The unhappy reality of revoking the HST
The case against the Harmonized Sales Tax has resonated in many sectors across British Columbia. Who can blame people? According to a number of statistical analysis done by Statistics Canada, after Canada Day, we can all expect to be shelling out more for things once exempt from the long arm of the tax man. Feeling the impending pinch, people naturally lash out. Hence the success of the grassroots Anti-HST campaign.
Like it or not, for the time being, the tax will move forward. But, suppose the recall legislation being buttressed by hundreds of thousands of signatures actually succeeds and revokes the legislation; what would that mean for British Columbia?
For starters, legally, it is constitutionally unclear whether it is possible for an Anti-HST bill in British Columbia to override legislation originating from Parliament of Canada. But more to the point, it may mean some hard, budgetary choices – for the government, and you.
The HST is a product of a federal-provincial deal. In brief, the Federal government through the Canada Revenue Agency collects all proceeds from the combined sales taxes. It then returns the proportions back to the provinces who have agreed to the deal. There is parallel legislation at the federal and provincial levels. Given the BC legislature and the Federal Parliament are both sovereign in the sense that neither has automatic predominance over the other (at least without going through substantial constitutional litigation), one can see how it is constitutionally suspect whether BC can revoke a standing Federal law.
In any case, such queries are academic. The rub of the deal that brought about the HST was the 1.6 billion dollar transfer from the Federal government to the BC government. This 1.6 billion has been integrated into this year’s budget, as well as budgets for the next two fiscal years. Revoke the HST and suddenly that $1.6 billion dollar pillar becomes a glaring fiscal gap. Suddenly, BC’s year-to-year budget shortfalls increase by hundreds of millions of dollars. When you factor in the interest payments on the extra debt, which, depending on the long-term borrowing rate, can approach $80 million per year, suddenly BC’s financial outlook appears increasingly disquieting.
For individuals, higher deficit and higher interest payments require one of two primary responses – increase your revenue, or cut your expenses (with a combination of the two usally the result). The same is true for the BC government. It can either find another source of revenue, by raising say, income tax, or it can cut government spending. Cutting spending is something that is happening right now anyway in some sectors, and few would like to see that trend exacerbate. And, as demonstrated with the Anti-HST Campaign, nobody likes another tax. But these are some of the hard choices British Columbians will have to face if we revoke the HST (which, for some, is per se a hard choice, to be sure).
It is something to think about. In the United States right now, we are seeing state governments (read: California) literally collapsing because of their inability to raise revenues via taxation. Many Americans have the relatively absurd belief that they are over-taxed, and will not acquiesce to any further taxation without their express permission.
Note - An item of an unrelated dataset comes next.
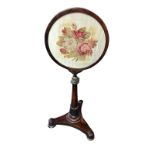 A REGENCY MAHOGANY TELESCOPIC POLE SCREEN The circular floral silk panel supported on an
States are hamstrung by this, and thus facing severe existential budgetary crises. Spending is being slashed – meaning services that many depend on are being cut completely or deeply scaled back. There is even talk of a double-dip recession (the cryptic “W” variety) emerging, this time coming from the U.S. state governments.
While we may think we are immune to such hard realities, British Columbia could be facing its own modest austerity measures without that $1.6 billion supporting provincial coffers.
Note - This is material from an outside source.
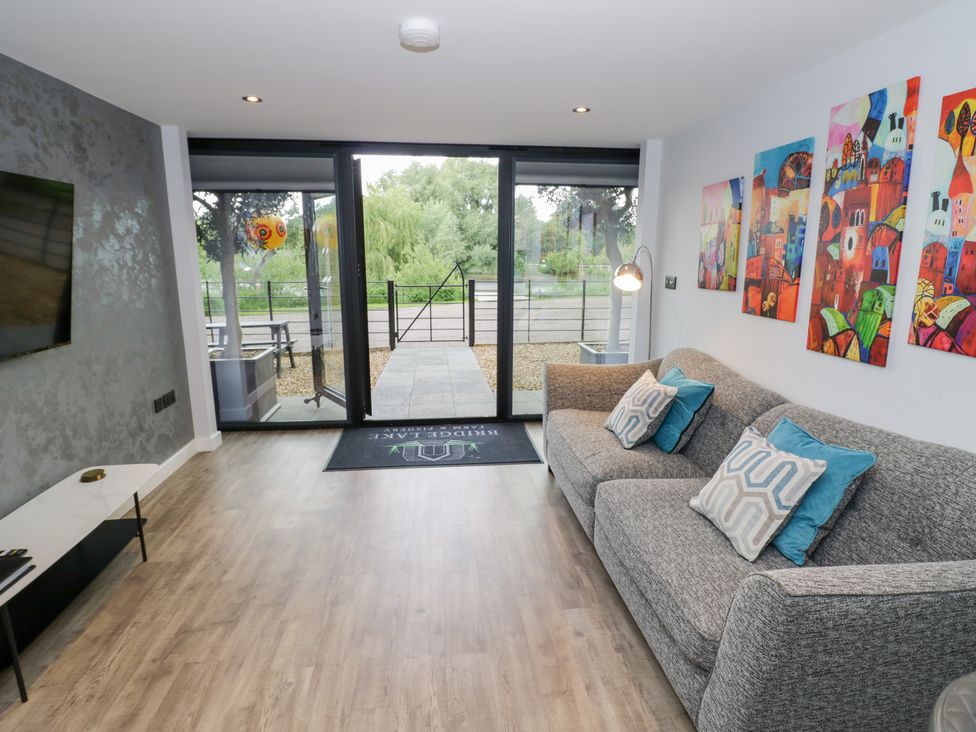A living room with a sofa and paintings at The Tunnel at Bridge Lake Farm and Fishery Chacombe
It may not seem like much given that the total provincial budget is nearly $40 billion, and the B.C. government has entered into a number of projects that dwarf that $1.6 billion (the Olympics, the Gateway Project, the Canada Line), but that still does not explain away the absence of that money. It is a costly swing on the provincial ledger. For individiduals as for governments, it all adds up.
Nobody likes a new tax (with the possible exception of tax lawyers and finance ministers). But British Columbians have a civic duty to be aware of some of the potential unhappy consequences of revoking the HST before coming to a decision.